Mahendra Shekhva fait brusquement stopper et reculer le véhicule d’une dizaine de mètres, ce 18 octobre. Il a repéré des marques sur un arbre. L’homme examine minutieusement l’écorce entaillée d’un flamboyant. Un fauve s’est fait les griffes sur cet arbre connu pour sa floraison spectaculaire rouge orangé et pour ses vertus médicinales et antibactériennes. Il cherche des traces au sol, la terre détrempée est malléable. Un groupe de daims s’ébat non loin dans des herbes hautes. La mousson encore active à la mi-octobre a fait jaillir une végétation dense et fraîche.
Il ne faut pas longtemps en cette aube naissante pour apercevoir ce que cherche le naturaliste. Deux lions paressent tranquillement sur un chemin de terre rouge, un troisième sur un tapis d’herbe, observés par une dizaine de véhicules de safari. « Ils sont jeunes, 3 ans au plus, sûrement des frères, car les lions ne restent pas ensemble, sauf s’ils sont apparentés. C’est le seul félin à vivre en clan », murmure le naturaliste. Ont-ils chassé ? Pas sûr, le grand carnivore n’a pas besoin de proie quotidienne, il peut engloutir 30 kilogrammes de viande en un seul repas et être repu pour plusieurs jours.

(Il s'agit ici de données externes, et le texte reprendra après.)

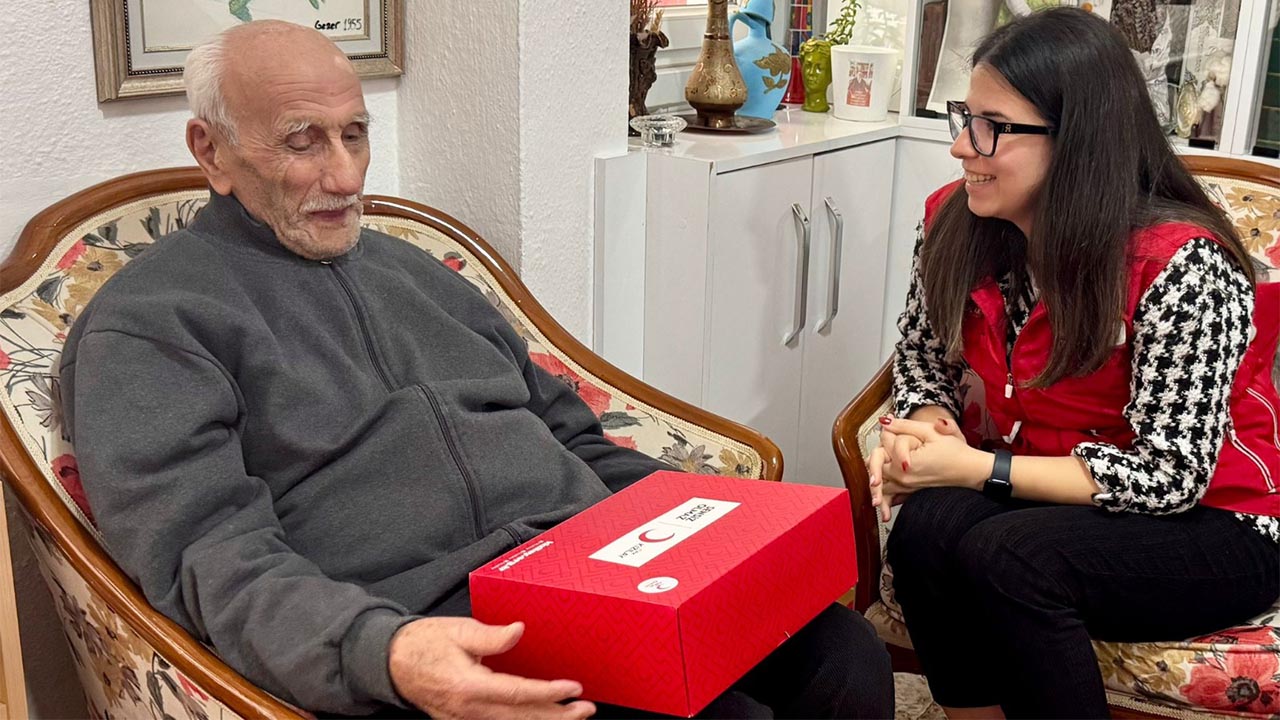 ‘Öğretmenler, Geleceği Aydınlatan Gizli Kahramanlardır’ Haber (1)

Mahendra Shekhva travaille dans la forêt de Gir, située dans le Saurashtra, dans le Gujarat, dans l’extrême ouest de l’Inde, non loin du Pakistan. Cette gigantesque forêt, peuplée majoritairement de tecks, d’acacias, couverte d’une jungle broussailleuse, de prairies, de collines, de rivières et de lacs, constitue le dernier territoire naturel du lion d’Asie.
Six cent soixante-quatorze spécimens, selon le dernier recensement de 2020, sans doute beaucoup plus aujourd’hui, vivent à l’état sauvage dans le seul Etat du Gujarat. Ces statistiques relèvent de l’exploit, car, en 1913, l’espèce était au bord de l’extinction, avec seulement vingt fauves, malgré la protection apportée à partir du XIXe siècle par les nababs de Junagadh qui régnaient sur la région pour sauver l’emblématique animal, victime des chasses et de la déforestation. Leurs efforts furent ruinés par une famine, en 1901, qui poussa les habitants à traquer l’animal pour survivre.
Le prédateur a migré de l’Afrique vers la péninsule arabique, puis l’Asie, pour atteindre le sous-continent indien. De tous ces pays hôtes, seule l’Inde a réussi à enrayer le déclin. Le résultat est d’autant plus remarquable que de nombreux obstacles s’offraient aux conservateurs, une densité très forte de population, une urbanisation croissante et des pratiques agricoles extensives.